You are so sweet Tracy Lee! You know, I am not sure where people come up with the ideals – or what we’re ‘supposed’ to look like but I wish they would think of us normal gals! And three diamonds of light?! That is craziness.
The belle of Chanel. You rock! I can’t find black boots for the life of me. It’s my new “get” mission in life–to find the perf BB. Not at the ChaCha price point, sigh, but not from walmart, either!
Have you ever tried Nine West? They typically have all kinds of boot styles and I’ve found they’re pretty comfortable.
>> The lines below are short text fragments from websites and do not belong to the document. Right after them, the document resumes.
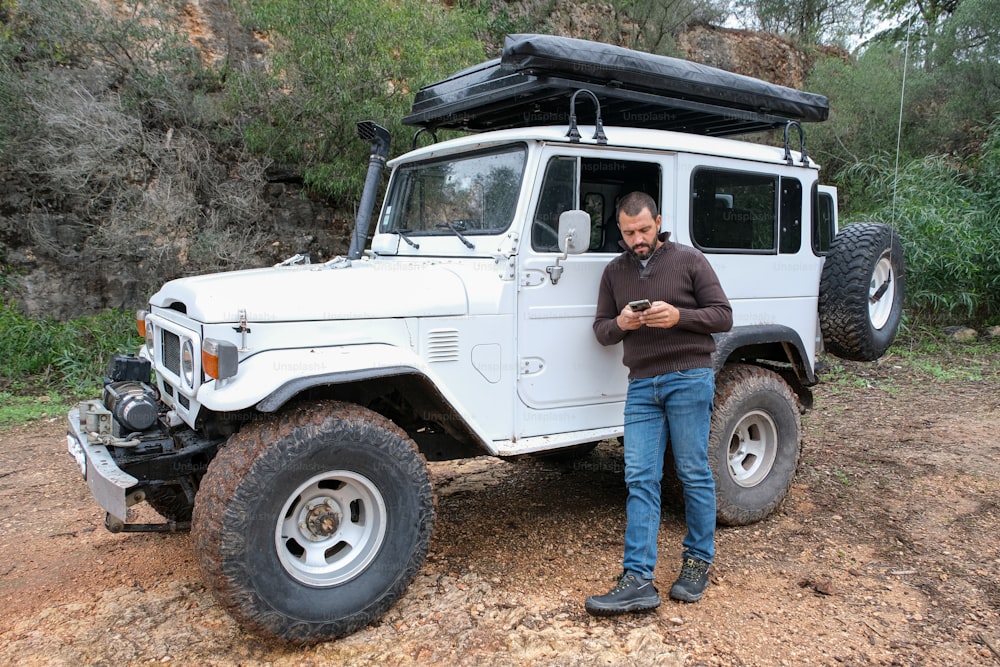 a man standing in front of a white truck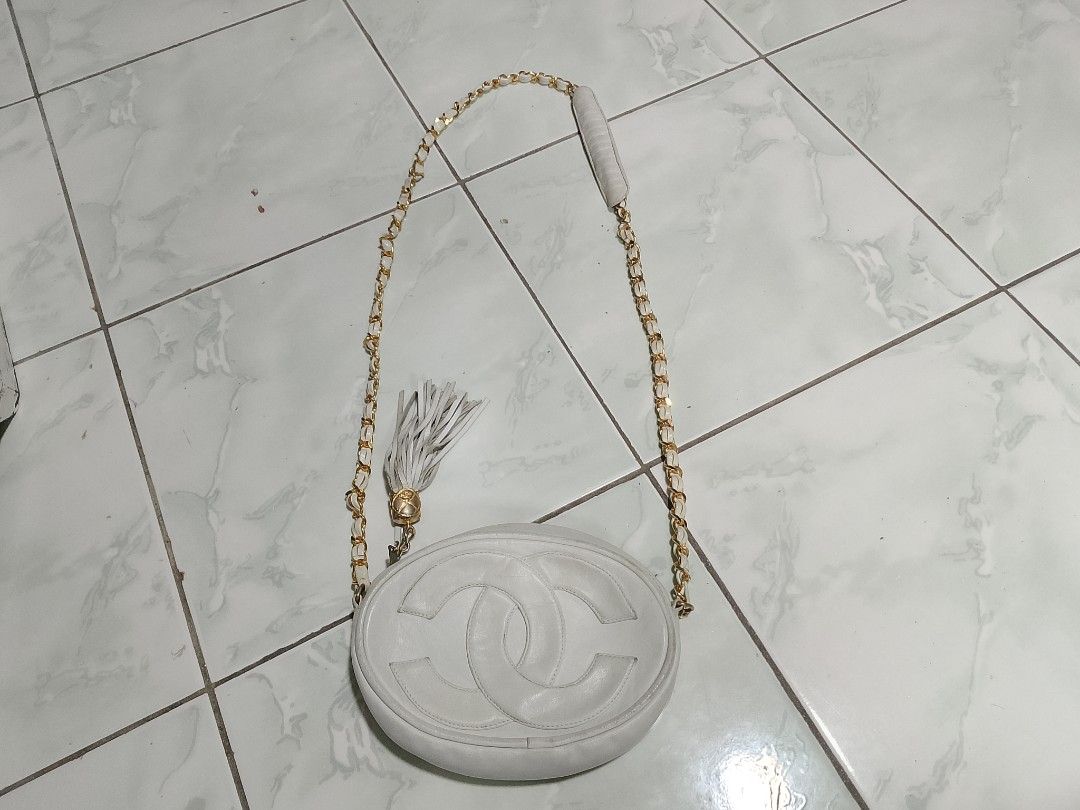 White Chanel CC Tassel Shoulder Bag (Category: Luxury Bags & Wallets) located in Manila. Submitted by sheshe.888 (Listing ID 1449413647, Image 1). Description: - White leather shoulder bag - Gold chain strap - Iconic CC logo detail - Tassel accent - Secure zipper closure - Interior zip pocket - Ideal for carrying your essentials - preloved.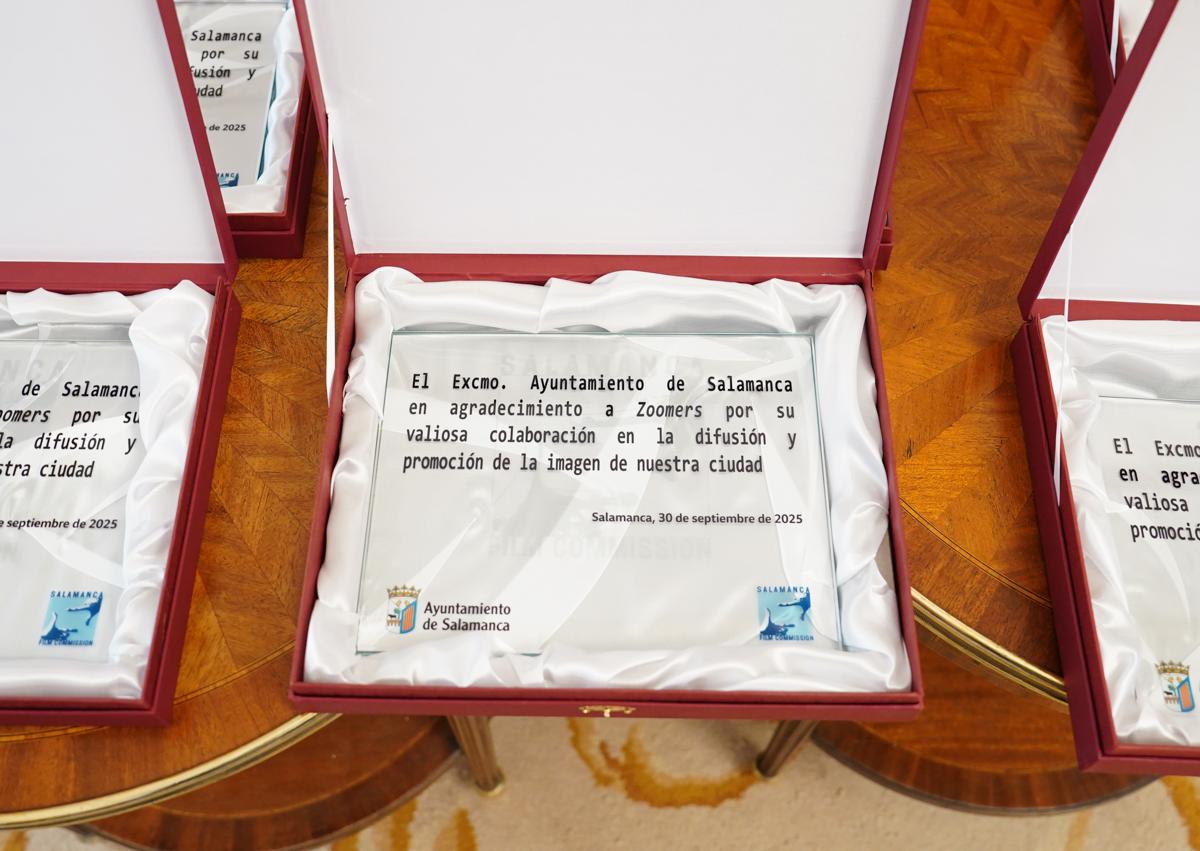 Imagen secundaria 1 - Menéndez de Zubillaga recogiendo el obsequio del Ayuntamiento, detalle de los obsequios y el alcalde con el equipo en el balcón de la Plaza Mayor.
Now, this time of year you may not find what you’re looking for – but maybe you will on super sale!
Thanks, been there, done that! I am nothing if not an obsessive shopper. Nord, Nord Rack, Macy’s, Bloomies, Cole Haan where I did find some totes adorbs but at $350, a bit too pricy!!!, all the specialty stores, now I need to go either back to South Coast Plaza or down to San Diego to Fashion Valley. I’m a very picky shoe shopper!!!! And as much as I’m a vegetarian, I can’t stand all man made materials and that fake leather! Ok, guess I’m a hypocrite, I’ll own it.
Ha! A vegetarian who can’t stand fake leather? I think that makes you a vegenista!
the non-calf-discriminators look so much better than the ‘hooker’ (your words, not mine 🙂 ) boots. As for your calves….there’s yoga and aerobics…but google and read about the ‘Calf stretch’. That’ll work.
Oh a calf stretch? Nice! I do hot yoga but it hasn’t seemed to elongate the calf region of my leg. I’m on the google search!
It’s very easy, M…give it a go. As for yoga…I’ve never had the patience for it:(
Now I am the world’s MOST impatient person. I take hot yoga, and it is kind of like meditation. It’s all you can concentrate on in the moment. You should get a DVD and try it out!